Covering Your Rainwater Tank With Plants to Conceal It

Water tanks are, without a doubt, a home essential. Otherwise, they wouldn’t be part of the BASIX requirements. But the thing with water tanks is that they can be unsightly because their designs do not usually match the designs of houses. As such, many homeowners do everything they can to hide them.

A number of methods are used to hide water tanks include hiding them behind concrete walls painted to match the colour of the rest of the house, getting a tank that’s of the same colour as the house itself, setting up the tank at the blind spot of the house, and placing the tank behind a number of trees. While these are amazing ideas, they can cost money and time on your end.

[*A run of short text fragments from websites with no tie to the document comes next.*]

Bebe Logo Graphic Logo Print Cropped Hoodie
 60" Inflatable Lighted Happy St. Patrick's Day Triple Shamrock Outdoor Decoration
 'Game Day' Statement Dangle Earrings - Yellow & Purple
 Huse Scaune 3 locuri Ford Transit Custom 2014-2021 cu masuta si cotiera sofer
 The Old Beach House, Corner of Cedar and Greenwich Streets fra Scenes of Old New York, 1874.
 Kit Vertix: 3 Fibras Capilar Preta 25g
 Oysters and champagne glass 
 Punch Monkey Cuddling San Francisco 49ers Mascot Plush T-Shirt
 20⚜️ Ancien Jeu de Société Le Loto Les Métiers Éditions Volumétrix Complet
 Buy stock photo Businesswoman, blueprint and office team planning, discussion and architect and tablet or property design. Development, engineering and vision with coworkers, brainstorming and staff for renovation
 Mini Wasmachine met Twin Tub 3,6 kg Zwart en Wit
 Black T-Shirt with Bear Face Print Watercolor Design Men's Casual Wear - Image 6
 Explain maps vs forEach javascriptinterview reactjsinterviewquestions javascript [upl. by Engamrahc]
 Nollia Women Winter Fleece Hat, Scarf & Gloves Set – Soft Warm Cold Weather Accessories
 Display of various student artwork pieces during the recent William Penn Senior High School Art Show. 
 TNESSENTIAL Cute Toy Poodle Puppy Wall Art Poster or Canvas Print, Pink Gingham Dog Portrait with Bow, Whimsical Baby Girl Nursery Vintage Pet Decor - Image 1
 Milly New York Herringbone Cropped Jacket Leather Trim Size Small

If you want a different, more natural look, one method of concealing the tank that’s not only effective, but also time- and money-saving, is covering the tank with plants to turn it into a vertical garden. By doing this, all space consumed by the tank is recovered.

Steps:

  1. Determine how much sun the tank’s position gets each day. The amount of sun the tank’s position gets each day not only determines if the plants you’ll attach will thrive, but also the types of plants to place there. Keep in mind that not all plants thrive with sun exposure lasting several hours.
  2. Determine the small plants that can be placed on those areas where the tanks are, keeping in mind that not all plants like long hours of sun exposure. Hardy succulents can be planted on an area that gets lots of sunlight exposure throughout the day, while herbs should be planted on an area that get lots of sun from morning to midday.
  3. Create the growing medium, or have a gardening expert make it for you if you don’t know what exactly works for you.
  4. Determine the tank’s dimensions using the appropriate measuring tools.
  5. Use the tank’s dimensions as basis in creating a planting bag out of durable landscape material.
  6. Position the planting bag around your water tank. Create holes to accommodate taps and piping.
  7. Cut small holes along the top of the planting bag so a stainless steel cable can be threaded through it.
  8. This cable must then be connected to form a circle, then tightened around the top part of the tank.
  9. Cable number two should then be positioned midway down your tank to support its overall weight. Otherwise, the entire vertical garden will fall apart quickly. This should be a little loose at this point so the bags could still be filled.
  10. Fill halfway all planting pockets with growing medium. Then transplant seedlings, fill up all pockets, and water the whole setup well.
  11. Fully tighten the middle cable.

The last step is the installation of an irrigation system on the vertical garden itself. There are many possible approaches to this, but the best one is setting up a drip irrigation system connected to the rainwater storage tank the vertical garden is built upon. In this system, every pocket has an individual dripper, which is connected to a timer (that is on the tap of the tank) which switches the pump on the same time each day for approximately ten minutes.

In the case of a vertical garden with succulents, no need to set up an automated irrigation system with them.